• _Extracted information_:
╔══

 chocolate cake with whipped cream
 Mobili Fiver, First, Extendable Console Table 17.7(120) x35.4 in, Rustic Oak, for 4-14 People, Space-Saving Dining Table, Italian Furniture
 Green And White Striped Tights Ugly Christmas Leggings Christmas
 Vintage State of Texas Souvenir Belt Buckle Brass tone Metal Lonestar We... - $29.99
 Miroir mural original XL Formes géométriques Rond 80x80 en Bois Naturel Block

╚══
╔══

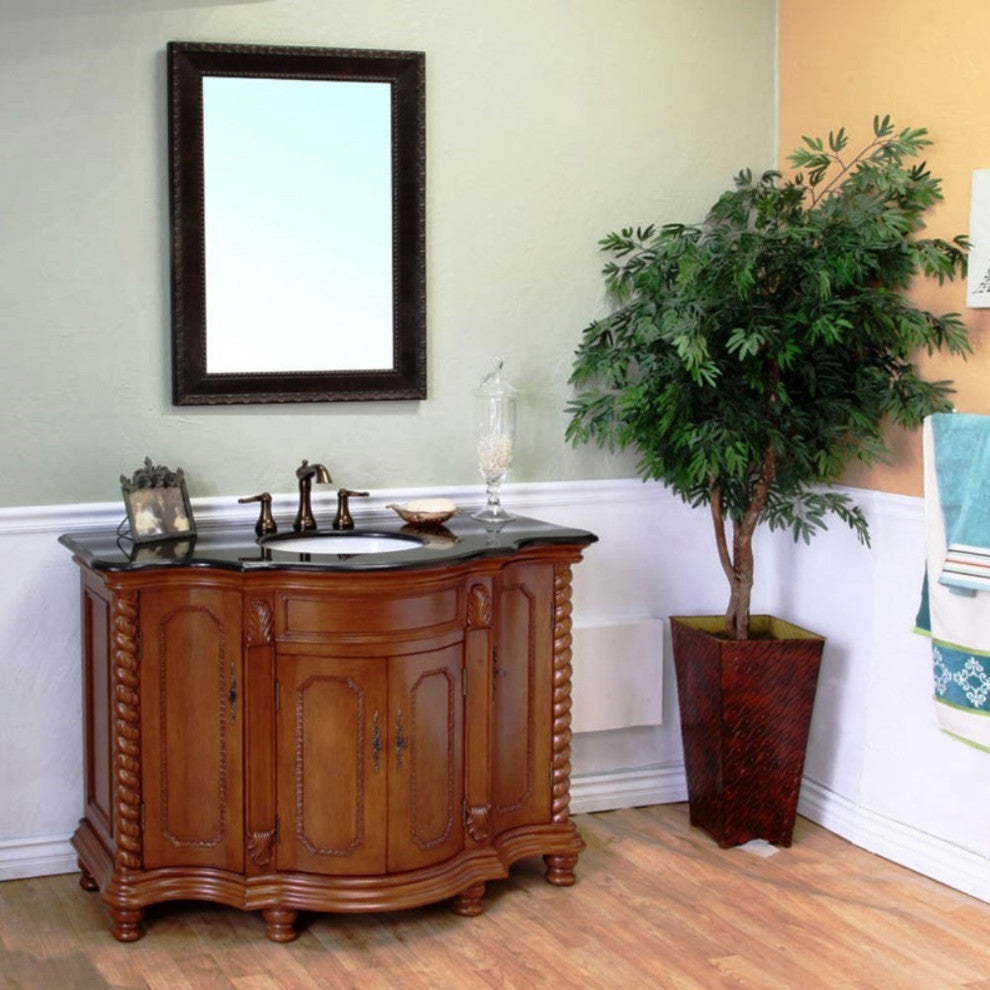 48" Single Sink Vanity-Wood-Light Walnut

╚══
╔══

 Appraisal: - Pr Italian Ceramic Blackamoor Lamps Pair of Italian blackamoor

╚══

• _Exercise requirements_: Search the data for the string "Italian". List each line that has it.

• _Solution to this exercise_:
 Mobili Fiver, First, Extendable Console Table 17.7(120) x35.4 in, Rustic Oak, for 4-14 People, Space-Saving Dining Table, Italian Furniture
 Appraisal: - Pr Italian Ceramic Blackamoor Lamps Pair of Italian blackamoor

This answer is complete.